The functional annotation of contigs was performed using BLAST + 2.7.1 program against the NCBI nr (data file 3), NCBI nt (data file 4) (downloaded by 6th October 2018 and subjected to Euphyllophyta) and SwissProt (data file 5) and TrEMBL (data file 6) (downloaded by 3rd January 2020) databases with an E-value cutoff of 10−5 [11, 12]. Statistics of transcriptome reference were analyzed using Blast2GO 5.2 [13] that produced statistics of length distribution and Blast results with NCBI nr as follows: e-value distribution, contig similarity distribution and top-hit species distribution (data file 7).

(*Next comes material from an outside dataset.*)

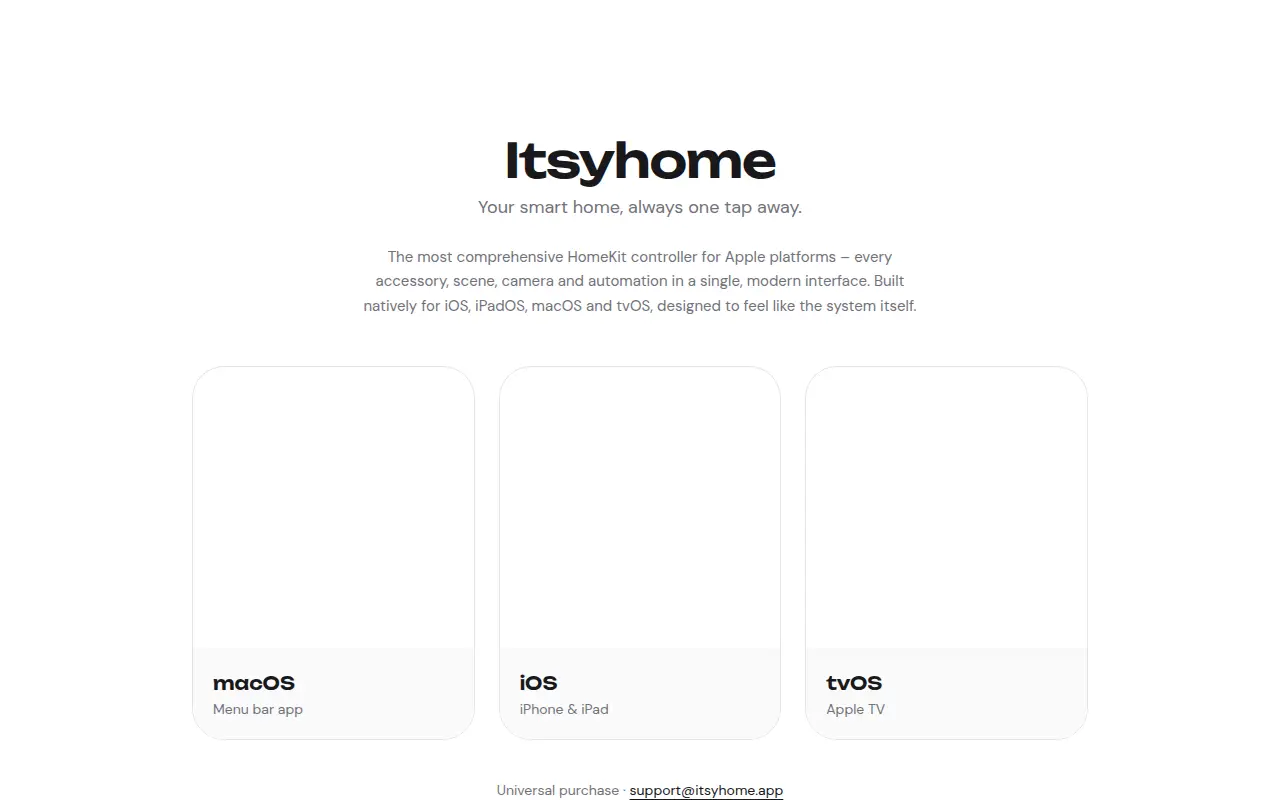 Itsyhome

Functional analysis showed that 80,507 (70.45%) indicated significant matches with NCBI nr as well as 59,353 (51,94%) in the SwissProt database. The transposon sequence analysis was analyzed using BLAST program with TREP database [14] (data file 8, data file 9). Transcriptome reference was assessed using Busco v.3.2 [15] under Maser platform [16] (data file 10). The SwissProt-annotated contigs were used to analyze GO and KEGG pathways using Blast2GO 5.2 (data file 11).

To predict ORFs, the contigs were analyzed using TransDecoder 5.5.0 [17] (data file 12). A total of 84,175 contigs was identified as ORFs with 5′prime partial of 13,430 (15,95%), 3′prime partial of 8574 (10,19%) and complete ORFs type of 57,306 (68,08%). Contigs containing microsatellite were extracted by using the MISA program [18], with minimum repeats such as: 10 for one base, 6 for two bases, and 5 for 3, 4, 5, and 6 bases; and the interruptions between sites of microsatellite were 100 bases. The microsatellite motifs containing contigs were summed up to 39,025 (data file 13).

Limitations

The seedlings were not collected directly from the field due to the lack of natural regeneration and remarkably lengthy distance. Rather, seedlings were treated in two types of potting media (i.e. mineral and peat) grown in the green house with regular maintenance. Furthermore, RNA extraction samples were obtained from the leaves, only leaving other plant parts to be analyzed for better comparisons due to already established RNA extraction methods for the leaves. The extraction was also carried out solely once during sampling point in order to meet the sufficient replicates.